I love my children very fiercely, but I have to say I don't really miss them when we're apart. As long as I know they're safe and having fun without me, I don't have a constant urge to contact them or a longing to see photos or get updates from whoever they are with. I never have. I don't think you can use that as a measure of your feelings, so I'd push that to the bottom of the worry list.
Finally, I wanted to say that I have always found it really difficult to relate to one of my 3 children. We just don't "click" and never did, even in their babyhood. I don't love them less but I found spending time with them harder than with either of the other two.
What helped me there was when they got a bit older and I just relaxed into myself, without trying to parent them, just treating them as my adult equal. One day my kid said with amazement "you know, you're really genuinely funny!" and I realised that I share a sense of humour with them, way more than with the other two.

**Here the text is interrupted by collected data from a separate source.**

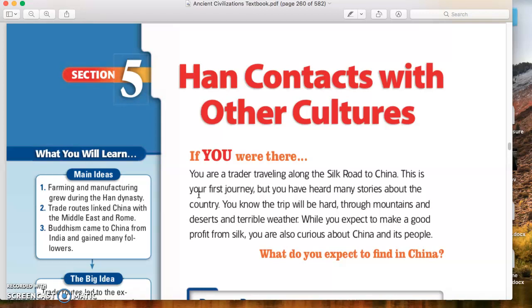Hello! Welcome to our next screencast, which is actually our final section of Ancient China. The title of it, as it should be in the title in your Google Doc notes, is Han Contacts with Other Cultures.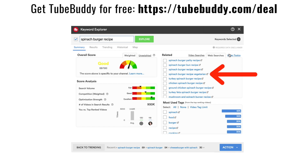Tip number seven, very related: right next to the YouTube related search terms is the web search terms feature. TubeBuddy pulls out related searches that people are making on Google. People search for different keywords on YouTube versus Google, so looking at what people search for on Google is a great way to discover even more related keywords and get more ideas for your video.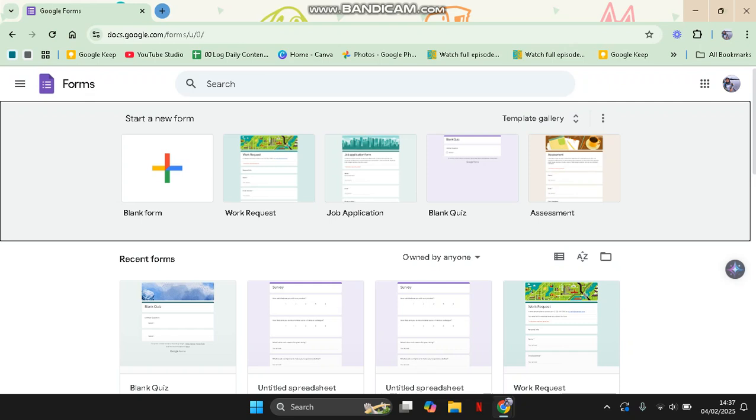Hi guys, welcome back to my channel. In today's tutorial, I'm going to show you how you can change date format in Google Forms. Google Forms uses a default date format based on your Google account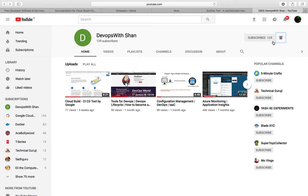I upload videos around DevOps cloud technologies, Azure, GCP, CI/CD, and a lot of on-demand videos which are requested by you. So without further ado, I hope you guys have subscribed by now. Let's get started with today's video.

I'm sharing this so that you know it's never too late to discover common ground from which a relationship can develop. My child was in their late teens when we discovered we like and get each other's humour and our relationship has developed exponentially from then - which is in total contradiction to my fear, which is that they would go off to uni and I'd never have bonded fully with them.
I think you should certainly speak to someone about your own experience of being parented (as lots of people have said) I know for myself that I found so many unexpected answers to all sorts of life questions when I looked into my childhood with a therapist. But above and beyond that, maybe relax and stop beating yourself up quite as much, because love won't grow while you're worried you're not good enough for it.